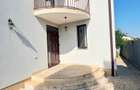 Casa cu mansarda, 4 camere, curte mare - 14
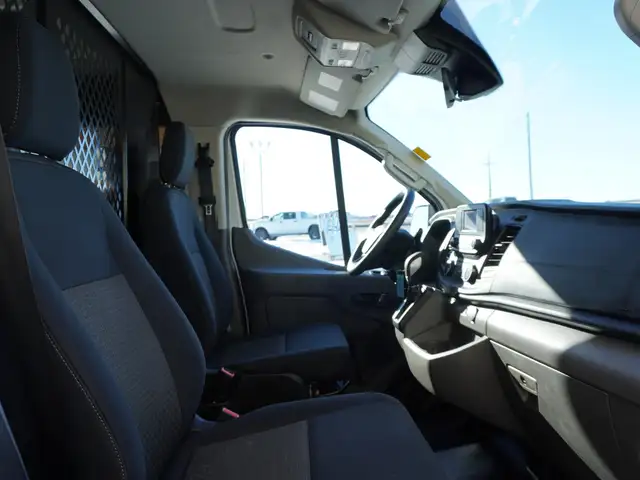 2024 Ford Transit Cargo Van T-250 148 RARE AWD CARGO VAN, LOW KM - Photo 27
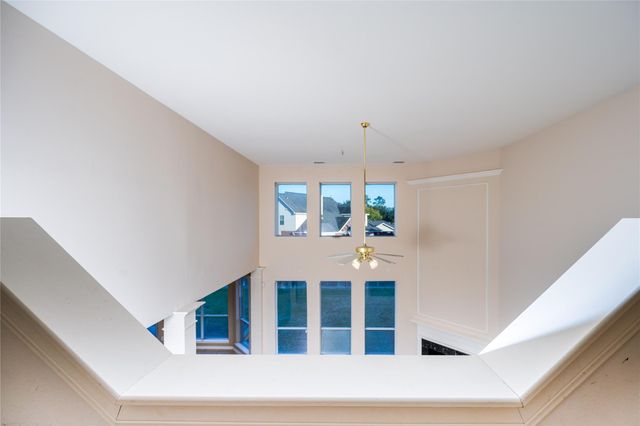 16010 Ashvale Drive, Tomball, TX 77377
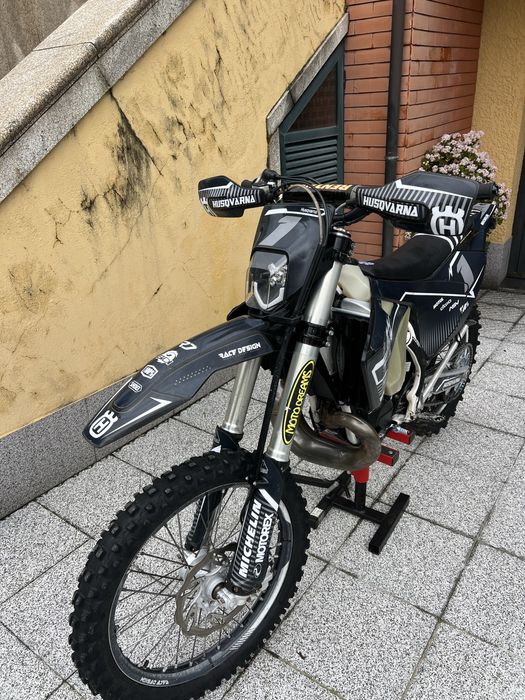 Husqvarna 300 TPI Matriculada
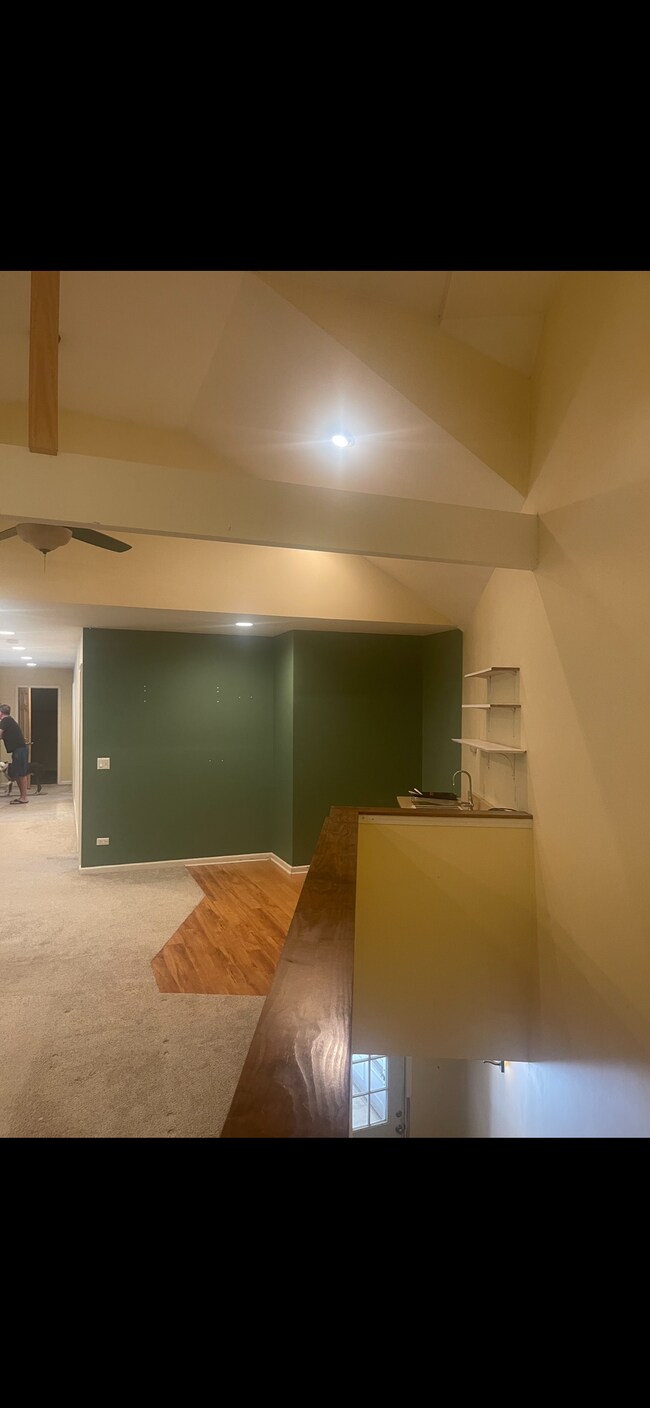 Building Photo - 1212 O'Plaine Rd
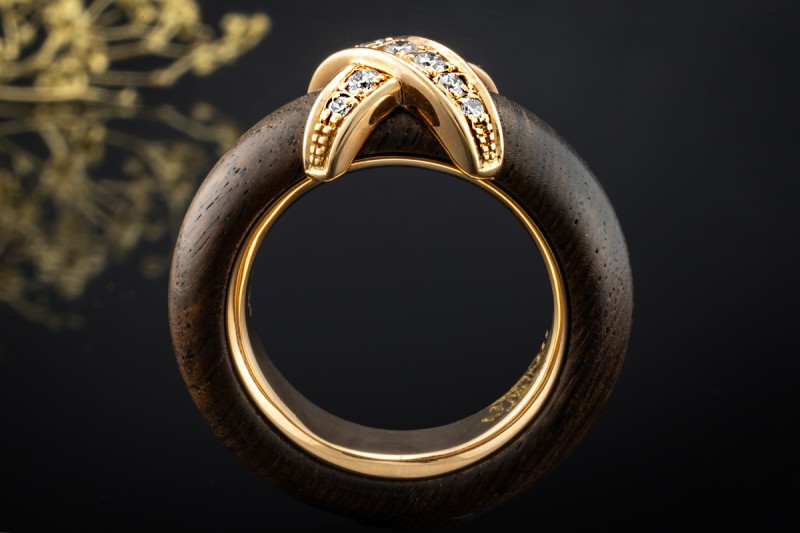 Leo Wittwer Ring Kreuz X Holzarbeit mit Diamanten in 750er Roségold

__________

**Directions**: From the line containing "Building Photo - 1212 O'Plaine Rd" down to the last line of the data, print every line exactly and nothing else. Pictures stay out of the copy.

**Task output**:
 Building Photo - 1212 O'Plaine Rd
 Leo Wittwer Ring Kreuz X Holzarbeit mit Diamanten in 750er Roségold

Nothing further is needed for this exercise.